Jeśli chcemy zaskoczyć naszego rywala, musimy przede wszystkim uniemożliwić mu realizację jego głównego planu. Pogoń spróbuje od pierwszych minut narzucić Wiśle swój styl i pomysł na ten mecz. Ekipa trenera Rude powinna przygotować się na intensywną pracę na bokach obrony, bo to właśnie tam nasz przeciwnik spróbuje wykorzystać swoje największe atuty. Bezpośrednia wymiana ognia również może być dla nas zabójcza, dlatego Wisła powinna przede wszystkim znaleźć inny sposób.

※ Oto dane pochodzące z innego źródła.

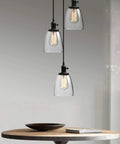 Industrial Pendant Ceiling Light In Black Finish With 5.7 Inch Oval Glass Shade, E26 Socket Compatible, hanging over table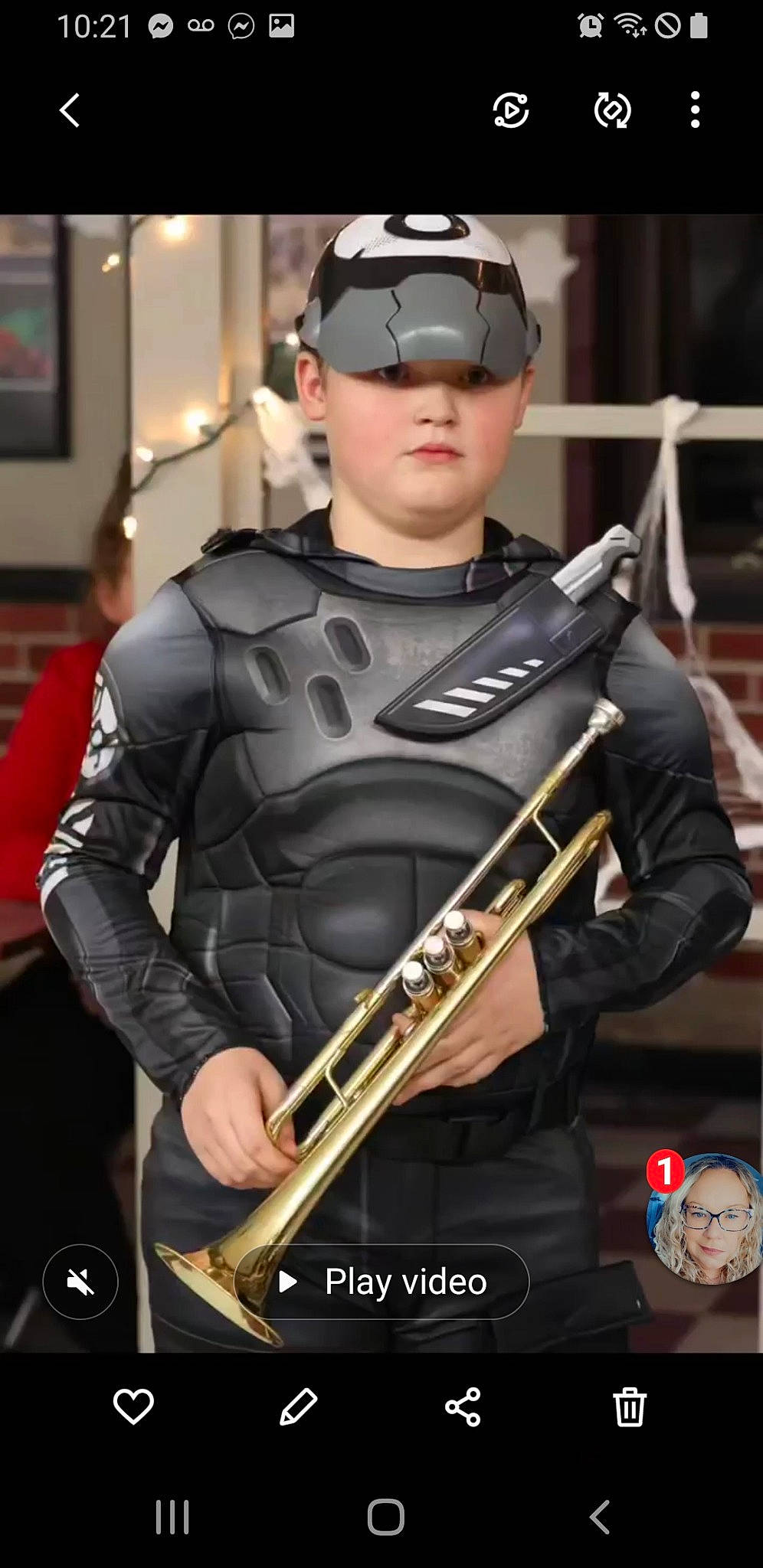 Redmond is registered to the contest to win money with this photo: action_figure, action_film, armour, belt, costume, entertainment, event, fiction, fictional_character, glove, headwear, hero, justice_league, music, musician, person, personal_protective_equipment, picture_frame, shield, shotgun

🔵 Czy Kamil Grosicki dotrzyma słowa?

Najmocniejsze ogniwo Pogoni? Nie wypada nie poświęcić kilku zdań zawodnikowi, który bez wątpienia postara się wziąć mnóstwo odpowiedzialności za swoje barki. Kamil Grosicki w 2021 roku zaskoczył wielu kibiców decydując się na powrót do Pogoni Szczecin. Wielokrotny reprezentant Polski zapowiedział wówczas, że nie wraca do Ekstraklasy, by odcinać ostatnie kupony, lecz chce dostarczyć ukochanemu klubowi trofea do gabloty. Do tej pory ta sztuka jeszcze mu się nie udała.

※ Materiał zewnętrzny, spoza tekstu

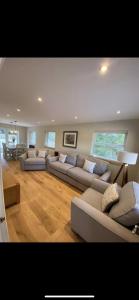 a large living room with couches and a table at Kilbarth Cottage in Haverfordwest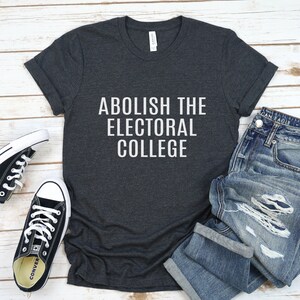 May include: A dark grey t-shirt with the text "Abolish the Electoral College" printed in white on the front. The shirt is laid flat on a white wooden surface with a pair of black sneakers and blue jeans.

W ciągu ostatnich sezonów skrzydłowy udowodnił jednak, że faktycznie bardzo chce pomóc drużynie. To wciąż gracz absolutnie klasowy na skalę Ekstraklasy. Licząc wszystkie rozgrywki, popularny „Grosik” ma już w tym sezonie 15 goli i 13 asyst, w tym dwa gole i asystę w PP – to znakomity wynik. Oczywiście, rola Grosickiego nie sprowadza się wyłącznie do pracy na boisku, lecz także sprawowania istotnej funkcji w szatni. Reprezentant Polski potrafił w drużynie obudzić ducha walki i charakteru, który zaowocował trzema awansami w tegorocznym Pucharze Polski po dogrywkach. Pogoń długo musiała walczyć i trzymać nerwy na wodzy, by dotrzeć na Stadion Narodowy. Jutro Kamil Grosicki spróbuje przypieczętować ten marsz pierwszym trofeum dla swojego zespołu.

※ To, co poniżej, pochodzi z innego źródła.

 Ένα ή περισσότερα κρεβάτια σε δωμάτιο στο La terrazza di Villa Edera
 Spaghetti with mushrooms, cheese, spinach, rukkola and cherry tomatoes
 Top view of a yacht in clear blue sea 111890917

I tutaj przed Wisłą bardzo ważne zadanie zneutralizowania „Grosika”. To będzie niezwykle ważny test przed naszymi bocznymi obrońcami i pomocnikami. „Biała Gwiazda” potrzebuje w czwartek graczy w pełni sił, którzy będą gotowi do pełnej intensywności na przestrzeni co najmniej 90 minut. Nikt nie może pozwolić sobie na chwilę nieuwagi, gdyż jedno prostopadłe podanie w uliczkę do Grosickiego może się dla nas skończyć katastrofą.

🔴 Potencjalny skład Wisły

Co wyczaruje trener Rude? Kilka znaków zapytania przed czwartkowym pojedynkiem pozostaje. Pierwszy z brzegu to oczywiście obsada bramki. W piątek po raz pierwszy na boisku zaprezentował się Anton Cziczkan, który zaliczył przyzwoity debiut. Dochodzą zresztą głosy, że jego postawa na treningach jest bardzo solidna i może on otrzymać szansę występu na Narodowym.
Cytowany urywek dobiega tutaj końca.